Cet opéra de chambre conçu par la metteur en scène et librettiste Caroline Gautier et le jeune compositeur padouan Carlo Carcano reprend un livre culte en Italie : Cuore ou le livre cœur, un best seller de la littérature enfantine italienne. Traversant les saisons, ce journal d’un écolier de Turin restitue le quotidien d’une école de la fin du 19ème siècle. Ecrit par Edmondo de Amicis une génération après les guerres de l’Unité italienne, Cuore exalte l’école pour tous qui se révèle être un puissant facteur d’unification entre les provinces dispersées et réunit des classes sociales que tout opposent. Les vertus de l’enseignement y sont prônées et l’école est célébrée comme un véritable lieu d’apprentissage de la vie. Le compositeur Carlo Carcano admet que « c’est un livre aimé, détesté car plein de rhétoriques, il faut plutôt le replacer dans le contexte historique. C’est la première fois que l’école était obligatoire pour tout le monde. C’était un lieu où l’Italie pouvait exprimer cette unification et où toutes les classes sociales se retrouvaient. »

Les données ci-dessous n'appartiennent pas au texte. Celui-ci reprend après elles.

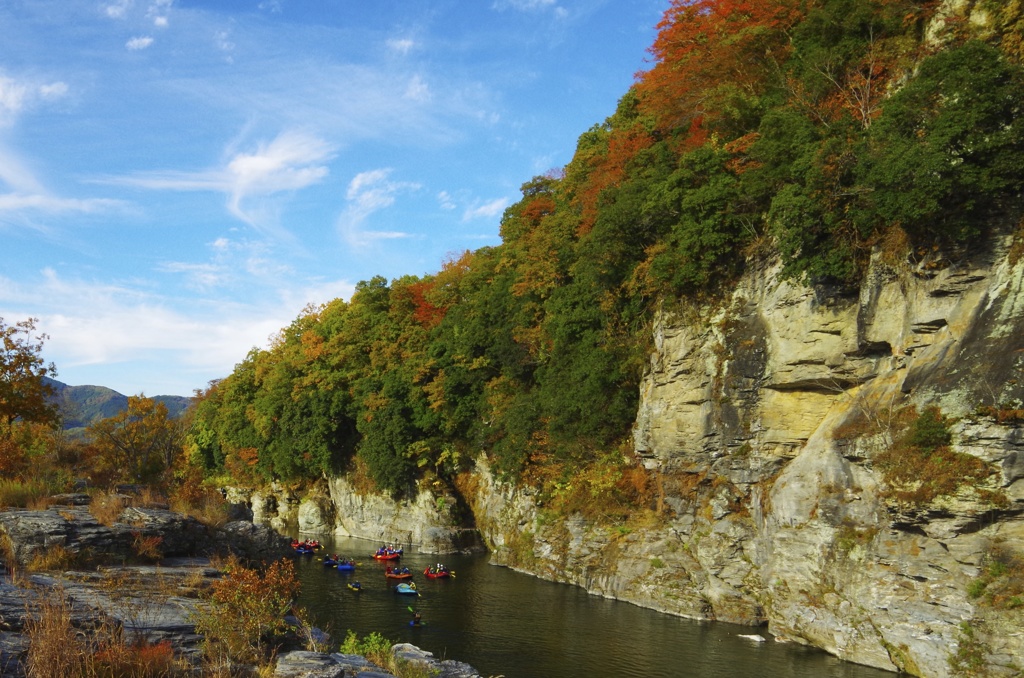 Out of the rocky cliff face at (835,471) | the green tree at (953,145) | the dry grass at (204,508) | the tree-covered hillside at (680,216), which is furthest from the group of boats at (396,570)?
the green tree at (953,145)

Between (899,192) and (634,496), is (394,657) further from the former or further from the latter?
(634,496)

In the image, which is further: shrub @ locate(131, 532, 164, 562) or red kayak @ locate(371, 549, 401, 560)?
red kayak @ locate(371, 549, 401, 560)

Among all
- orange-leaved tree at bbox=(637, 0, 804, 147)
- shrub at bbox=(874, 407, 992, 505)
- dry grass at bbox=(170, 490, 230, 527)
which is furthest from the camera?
orange-leaved tree at bbox=(637, 0, 804, 147)

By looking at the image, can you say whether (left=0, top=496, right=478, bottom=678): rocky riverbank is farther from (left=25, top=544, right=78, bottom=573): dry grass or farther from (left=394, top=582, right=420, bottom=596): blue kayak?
(left=394, top=582, right=420, bottom=596): blue kayak

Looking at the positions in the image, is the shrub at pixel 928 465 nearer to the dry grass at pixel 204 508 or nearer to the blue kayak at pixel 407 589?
the dry grass at pixel 204 508

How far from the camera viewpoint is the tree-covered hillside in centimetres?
1992

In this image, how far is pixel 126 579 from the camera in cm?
1279

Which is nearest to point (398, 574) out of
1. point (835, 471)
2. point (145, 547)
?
point (145, 547)

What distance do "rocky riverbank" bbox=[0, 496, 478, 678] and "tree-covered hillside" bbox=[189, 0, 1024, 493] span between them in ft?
63.9

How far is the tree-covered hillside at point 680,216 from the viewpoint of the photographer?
19922mm

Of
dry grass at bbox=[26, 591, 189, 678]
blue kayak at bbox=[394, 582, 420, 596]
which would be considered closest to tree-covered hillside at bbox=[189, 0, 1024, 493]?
blue kayak at bbox=[394, 582, 420, 596]

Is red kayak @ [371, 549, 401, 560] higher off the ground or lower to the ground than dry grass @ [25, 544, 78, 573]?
lower

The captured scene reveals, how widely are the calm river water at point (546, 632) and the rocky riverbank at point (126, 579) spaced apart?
6962mm

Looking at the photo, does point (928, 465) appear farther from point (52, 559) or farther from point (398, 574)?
point (398, 574) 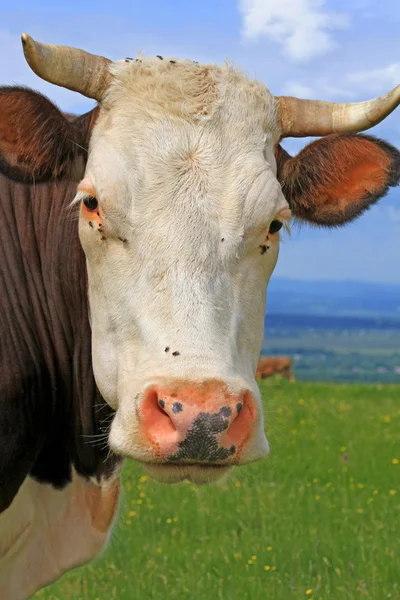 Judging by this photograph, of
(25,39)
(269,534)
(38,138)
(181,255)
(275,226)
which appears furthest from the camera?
(269,534)

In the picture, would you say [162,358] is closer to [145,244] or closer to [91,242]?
[145,244]

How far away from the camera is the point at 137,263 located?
474 cm

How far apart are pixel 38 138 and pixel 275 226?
1331mm

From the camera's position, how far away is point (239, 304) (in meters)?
4.79

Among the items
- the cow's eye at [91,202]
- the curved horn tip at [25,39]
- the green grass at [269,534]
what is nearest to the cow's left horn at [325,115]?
the cow's eye at [91,202]

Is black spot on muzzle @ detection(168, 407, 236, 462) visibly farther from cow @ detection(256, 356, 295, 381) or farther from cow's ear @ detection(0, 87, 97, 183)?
cow @ detection(256, 356, 295, 381)

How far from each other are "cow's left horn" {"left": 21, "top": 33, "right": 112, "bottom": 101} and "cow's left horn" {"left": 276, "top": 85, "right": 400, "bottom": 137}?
0.99 m

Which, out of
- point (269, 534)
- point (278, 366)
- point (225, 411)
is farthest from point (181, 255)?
point (278, 366)

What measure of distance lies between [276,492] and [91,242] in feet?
22.5

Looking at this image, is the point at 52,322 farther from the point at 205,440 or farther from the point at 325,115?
the point at 325,115

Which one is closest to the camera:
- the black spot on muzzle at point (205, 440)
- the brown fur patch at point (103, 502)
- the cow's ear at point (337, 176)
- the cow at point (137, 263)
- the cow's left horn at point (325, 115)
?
the black spot on muzzle at point (205, 440)

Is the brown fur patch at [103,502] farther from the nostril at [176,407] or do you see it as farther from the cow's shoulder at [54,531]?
the nostril at [176,407]

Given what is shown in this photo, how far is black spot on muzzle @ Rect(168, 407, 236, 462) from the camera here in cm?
422

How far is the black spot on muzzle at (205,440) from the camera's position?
4.22 m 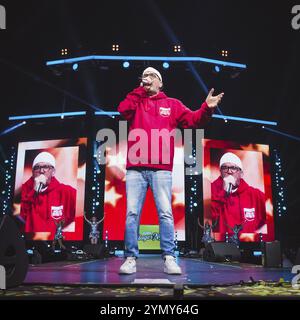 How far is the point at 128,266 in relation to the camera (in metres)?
2.46

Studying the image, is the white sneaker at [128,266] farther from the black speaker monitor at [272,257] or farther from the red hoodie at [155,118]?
the black speaker monitor at [272,257]

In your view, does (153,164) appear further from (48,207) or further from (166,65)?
(48,207)

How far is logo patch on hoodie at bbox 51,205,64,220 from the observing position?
10.3 meters

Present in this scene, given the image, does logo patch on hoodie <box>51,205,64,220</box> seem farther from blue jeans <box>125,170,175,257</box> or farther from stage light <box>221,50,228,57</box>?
blue jeans <box>125,170,175,257</box>

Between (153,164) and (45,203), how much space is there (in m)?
8.49

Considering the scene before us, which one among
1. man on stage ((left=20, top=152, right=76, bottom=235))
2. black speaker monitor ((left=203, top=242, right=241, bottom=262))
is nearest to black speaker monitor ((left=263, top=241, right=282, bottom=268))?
black speaker monitor ((left=203, top=242, right=241, bottom=262))

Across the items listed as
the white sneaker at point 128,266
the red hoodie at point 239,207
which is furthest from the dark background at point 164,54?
the white sneaker at point 128,266

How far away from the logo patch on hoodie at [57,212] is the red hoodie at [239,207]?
4.60 meters

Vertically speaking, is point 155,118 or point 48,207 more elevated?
point 155,118

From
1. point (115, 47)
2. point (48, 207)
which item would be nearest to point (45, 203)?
point (48, 207)

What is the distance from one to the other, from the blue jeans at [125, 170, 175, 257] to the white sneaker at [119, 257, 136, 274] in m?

Cette classe est composée d’enfants issus d’origines sociales différentes. Ce trait a particulièrement plu à Carlo Carcano : « on a beaucoup d’opéras avec des chœurs d’enfants mais à ma connaissance, il n’y a pas d’opéra qui donne une aussi haute importance aux enfants en tant que solistes ou chœurs. » Pour cette création d’un opéra contemporain, Angers Nantes Opéra a fait appel à la Maîtrise des Pays de la Loire. Le travail avec les enfants a été d’une riche intensité : « le chœur d’enfant m’intéressait car c’est une voix fragile et puissante en même temps. [...] C’est la voix d’un enfant qui amène tout un univers fait d’innocence, de cruauté, de jeux, de violence, de curiosité et j’étais intéressé d’utiliser toute la palette expressive de cette voix. » Les adultes accompagnant les élèves sont les institutrices et le directeur de l’école, l’appariteur ou les ouvriers du cours du soir. Esquissés par la metteur en scène Caroline Gautier, ces portraits sont empruntés à d’autres livres de l’auteur de Cuore. Pluralité des timbres vocaux et de langues, Caroline Gautier a « désiré conserver certains passages en italien, la langue fonctionnant alors comme décor sonore ».
Improvisation
Planté au milieu de la scène, l’arbre symbolise les quatre saisons qui correspondent aux quatre actes : « j’ai ainsi décidé de leur donner une couleur instrumentale différente ». L’orchestre est composé de sept instruments : violon, contrebasse, clarinette, trombone, puis de manière plus insolite on note la présence bienvenue d’un accordéon et d’une guitare électrique. « Ces instruments jouent des parties improvisées dans mon opéra. Je voulais amener une énergie particulière que seule l’improvisation peut amener. La guitare et l’accordéon improvisent à chaque fois sur des données précises. Je donne aux instrumentistes des points de repères émotionnels qui se matérialisent par des mots ou une description métaphorique de ce que j’aimerais entendre. » Pour Carlo Carcano, ce n’est pas une opération intellectuelle de mêler les genres : « cela vient tout naturellement, j’ai grandi en écoutant du rock, de la pop et en même temps j’ai étudié la musique classique ». On retrouve sur scène la présence inédite des musiciens. Le percussionniste, placé à proximité du public sur une petite scène, utilise aussi des instruments objets, tels des tessons de bouteilles, des cartons déchirés... Les autres musiciens parfois visibles ou dissimulés jouent les rôles des parents ou des ouvriers du cours du soir. Ainsi Philippe Nahon, directeur musical de l’ensemble Ars Nova, campe le rôle de Don Celzani, l’appariteur.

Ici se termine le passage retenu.